Exercise objective =
Beginning with the line of the entries below that holds "4.06.1986, Warszawa, Polska." and ending with the line that holds "Fot. Edward Grochowicz, zbiory Ośrodka KARTA", transcribe each line exactly as written. Pictures stay out.

━━━ Recorded data ━━━

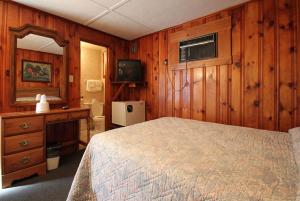 Łóżko lub łóżka w pokoju w obiekcie Dolphyn Motel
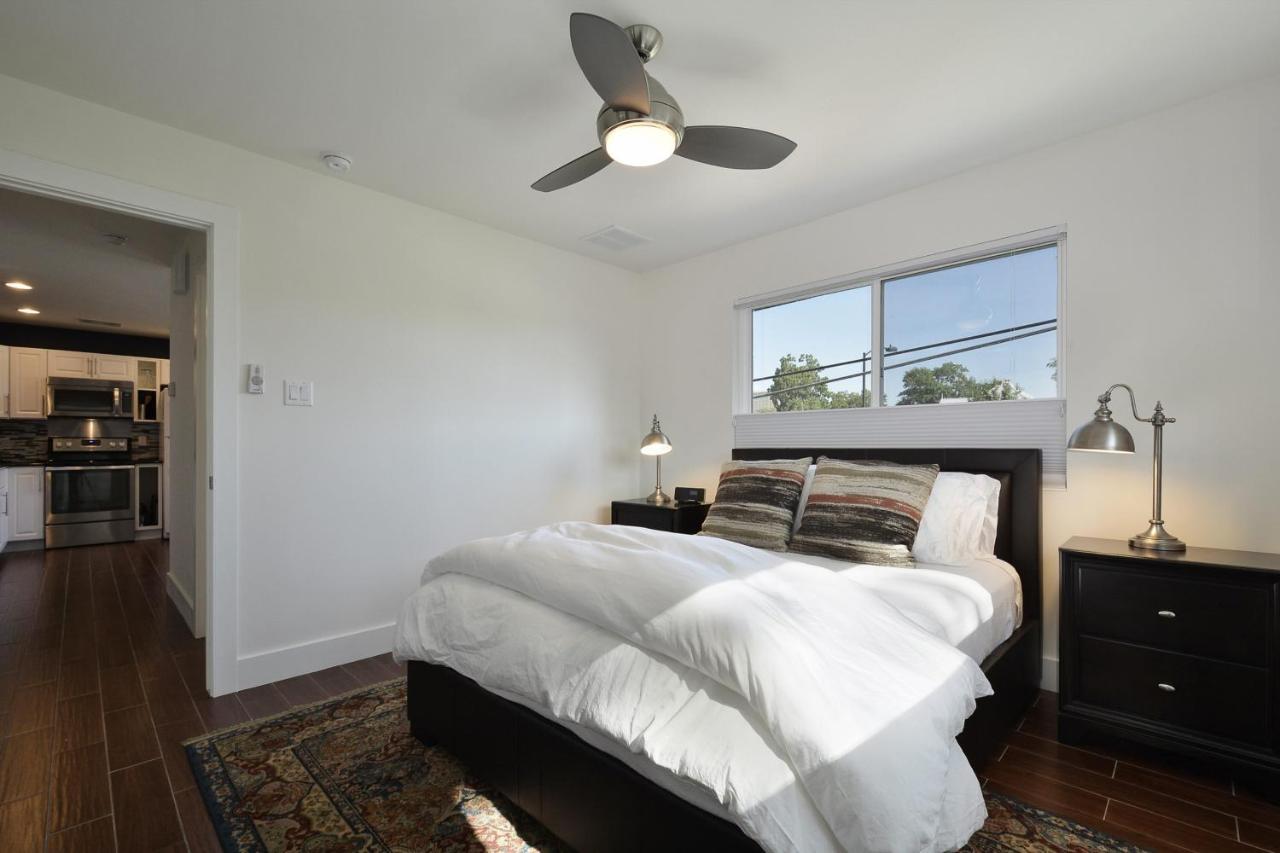 Willow House Unit B Austin Bagian luar foto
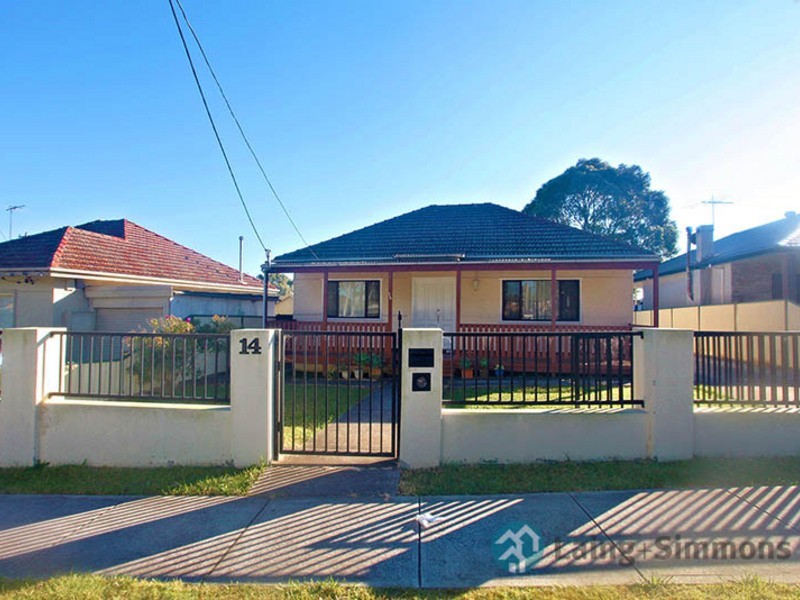 14 Hollywood Street, South Wentworthville NSW 2145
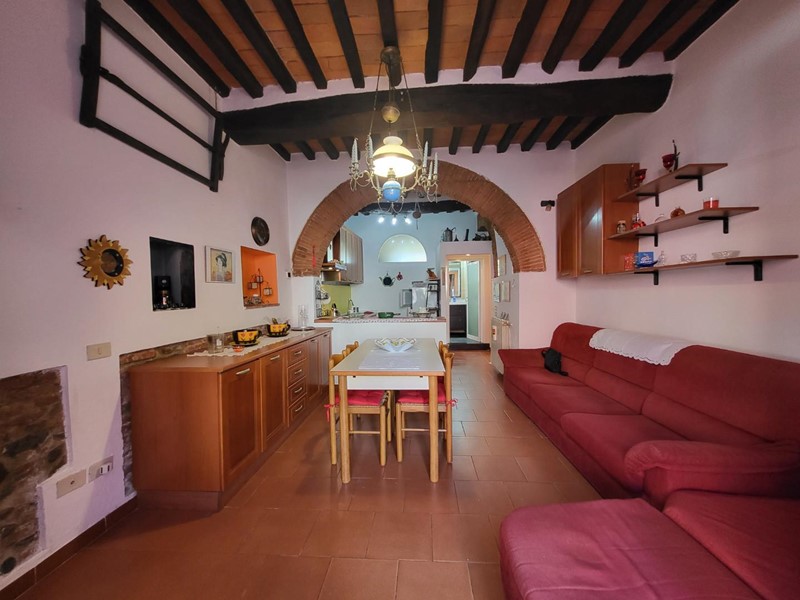 Trilocale in Vendita a Vicopisano, zona San Giovanni Alla Vena, 114'000€, 70 m², arredato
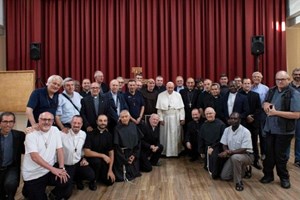 Đức Thánh Cha gặp một số linh mục tại một giáo xứ ở ngoại ô Roma
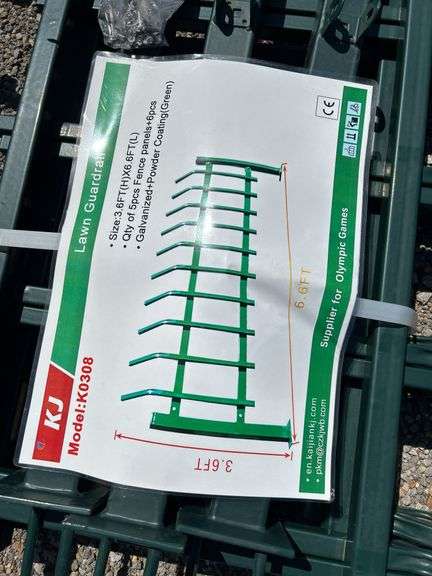 Lawn Guardrail Fence System - 3.6FT x 6.6FT Green Coated (5 panels) image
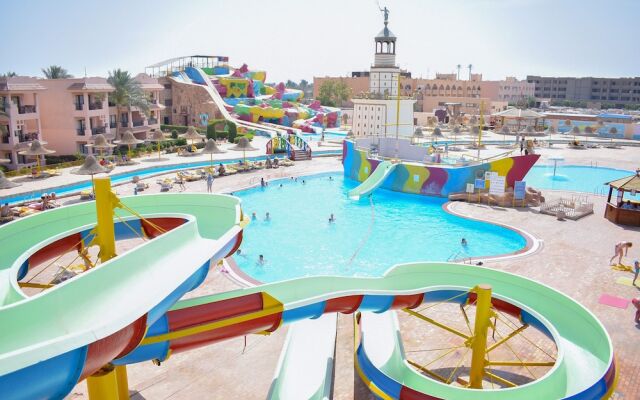 Parrotel Aquapark Resort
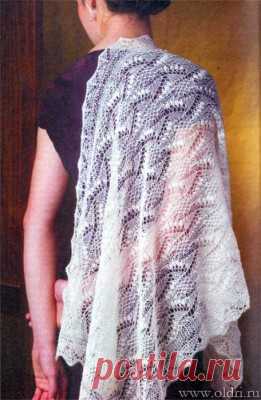 Вязание ажурной шали спицами
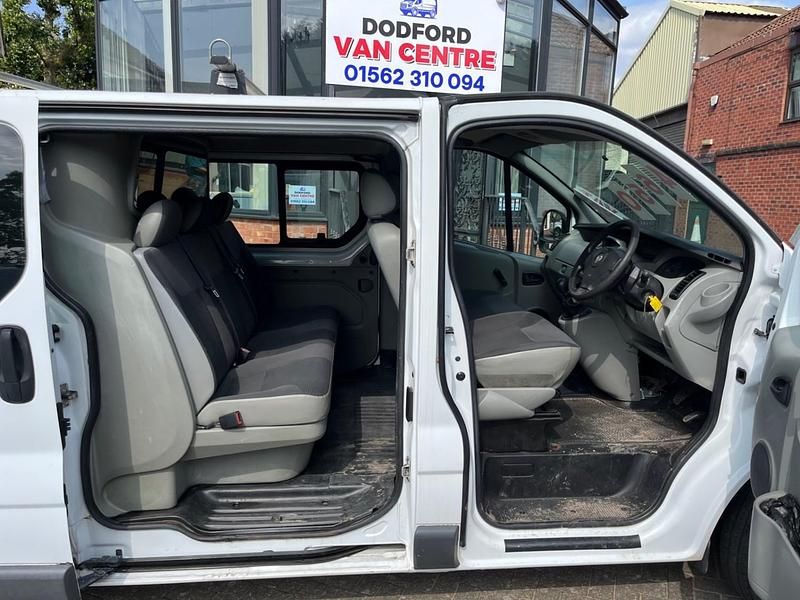 Used Vauxhall Vivaro 115 HP (84 kW) 2013 White MPV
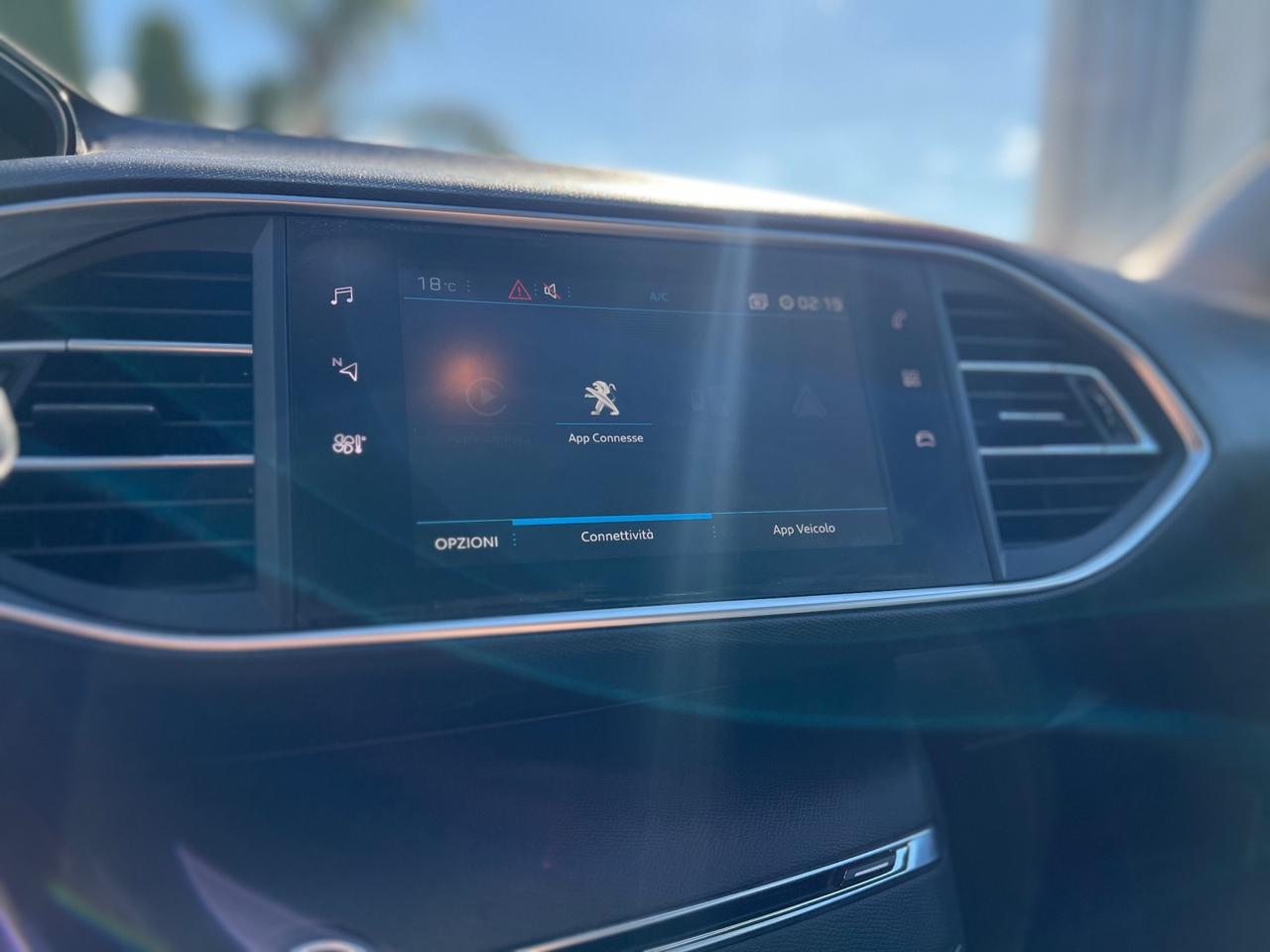 Peugeot 308 BlueHDi 100 NEOPATENTATI Business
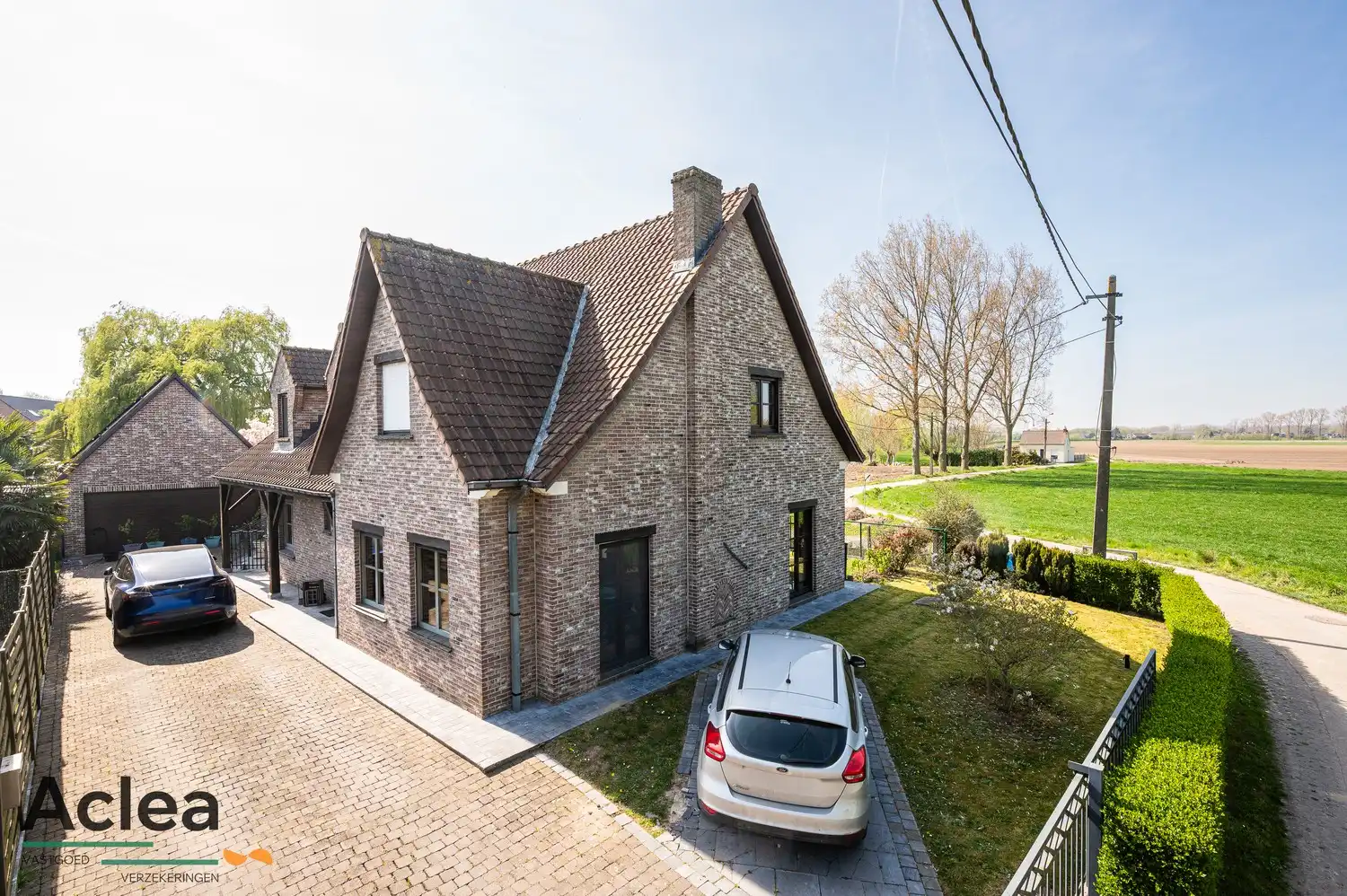 Rustig gelegen villa in landelijke stijl, omgeven door groen en natuur foto {{pictureIndex}}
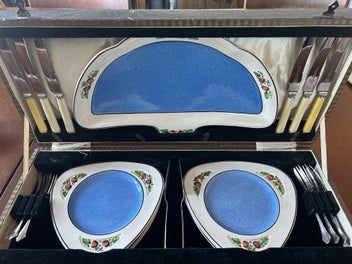 Image 1 of 3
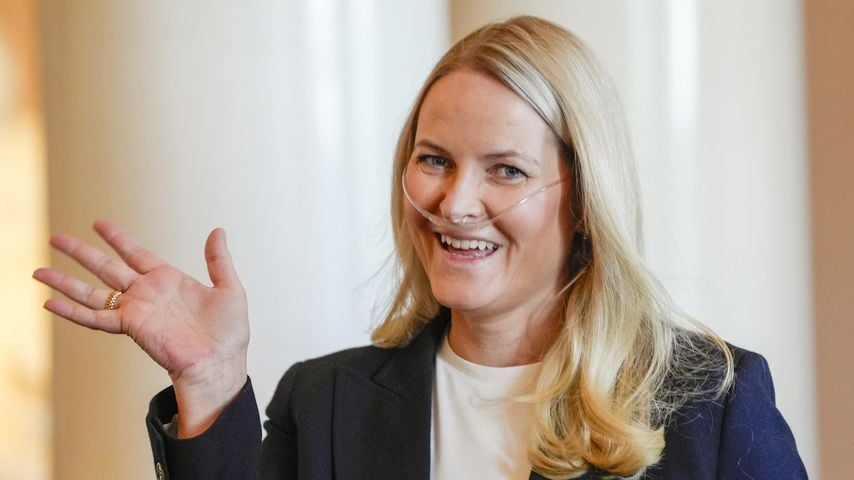 Mit Sauerstoffgerät: Mette-Marit besucht Marius im Gefängnis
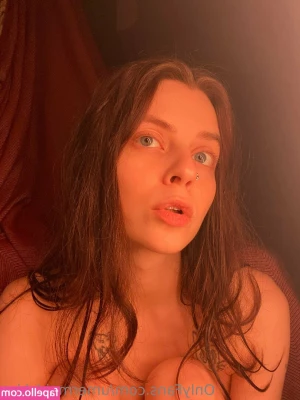 umermaidskiss [ umermaidskiss-2 ] - I’m going lingerie shopping! 🌹♥️ What should I pick out!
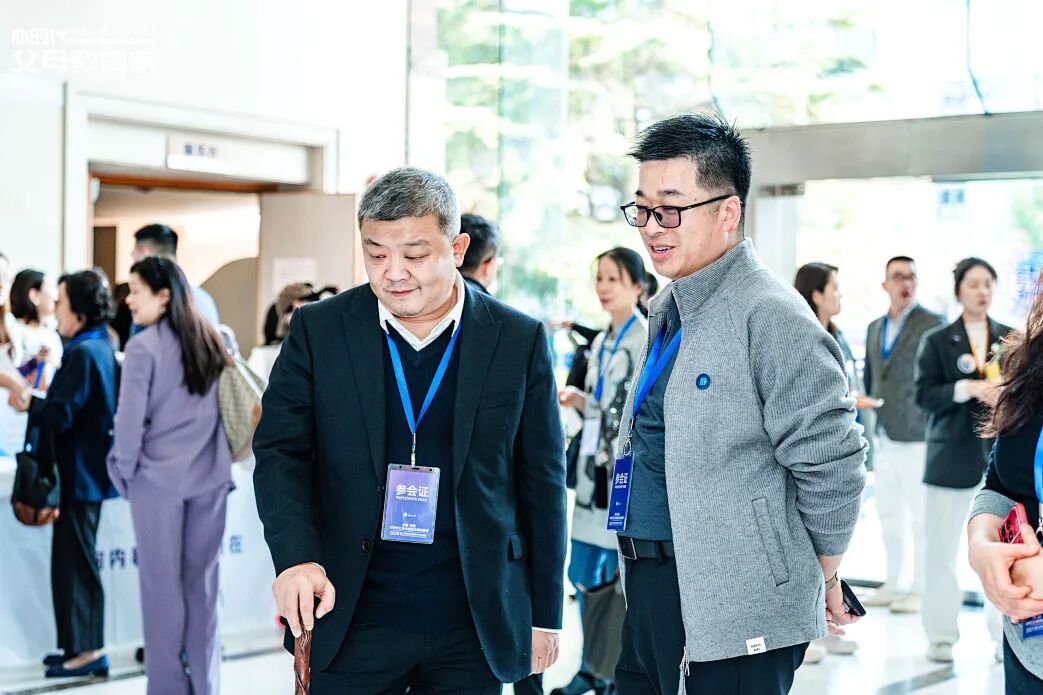 【纪琼谈家读书慧】如何才能遇见生命中的“光光级”榜样，那就加入纪琼院长的《家庭生态导师班》吧！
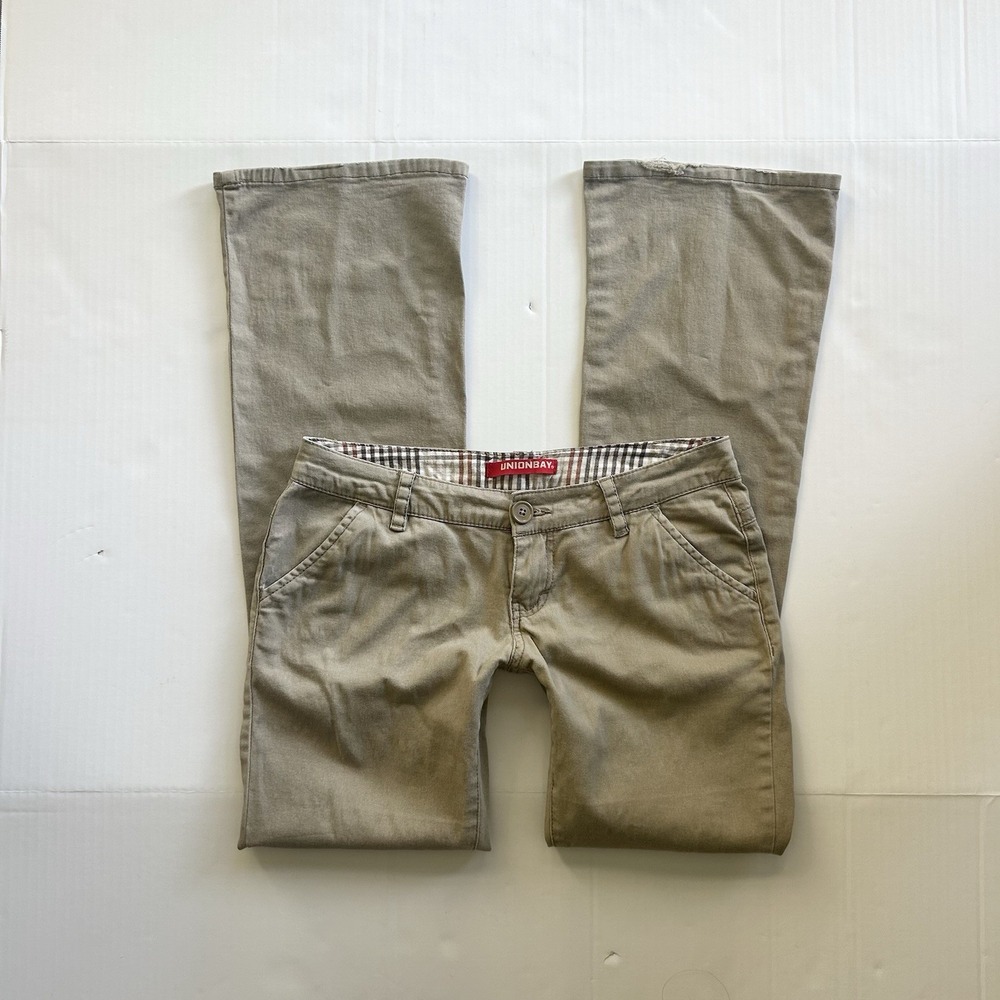 2000s Union Bay Low Rise Flare Khaki Pants Indie Preppy Y2K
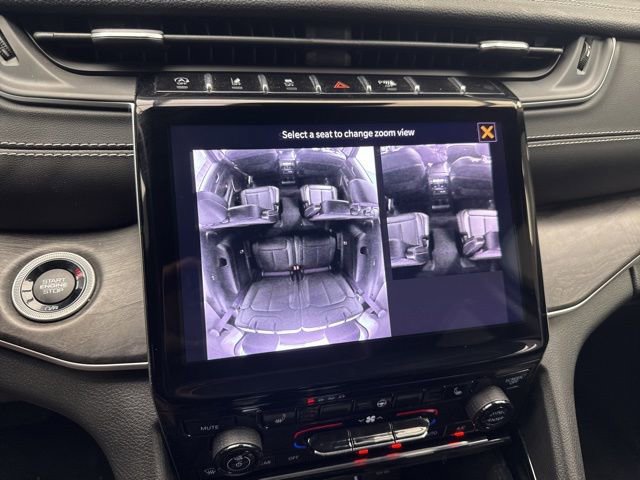 Used 2022 Jeep Grand Cherokee L Limited image 27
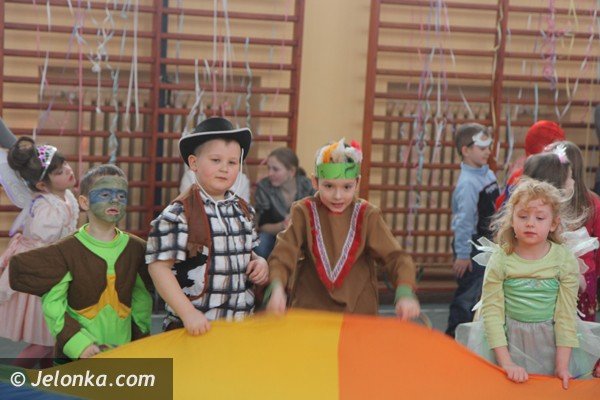 przedszkolaki-z-okraglaczka-na-balu-karnawaowym-w-siodemce-foto-44361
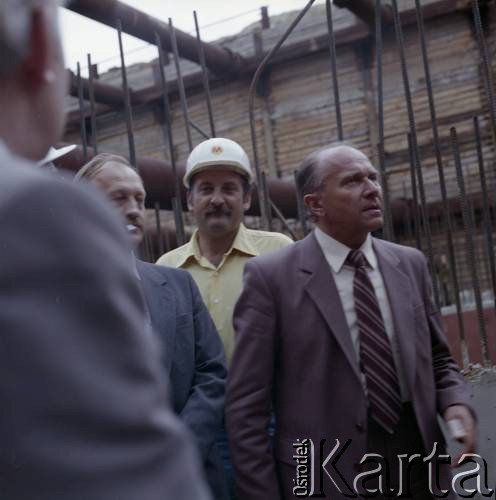4.06.1986, Warszawa, Polska.
Wizyta przedstawiciela rządu ZSRR na terenie budowy I linii metra w Warszawie. 1. z prawej stoi Jerzy Brzostek (generalny dyrektor Generalnej Dyrekcji Budowy Metra).
Fot. Edward Grochowicz, zbiory Ośrodka KARTA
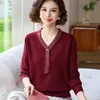 Suéter de punto con cuello en V y detalles de cinta, nuevo estilo otoño e invierno, elegante y rejuvenecedor, cómodo, top de manga larga para madres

━━━

Reply to the task =
4.06.1986, Warszawa, Polska.
Wizyta przedstawiciela rządu ZSRR na terenie budowy I linii metra w Warszawie. 1. z prawej stoi Jerzy Brzostek (generalny dyrektor Generalnej Dyrekcji Budowy Metra).
Fot. Edward Grochowicz, zbiory Ośrodka KARTA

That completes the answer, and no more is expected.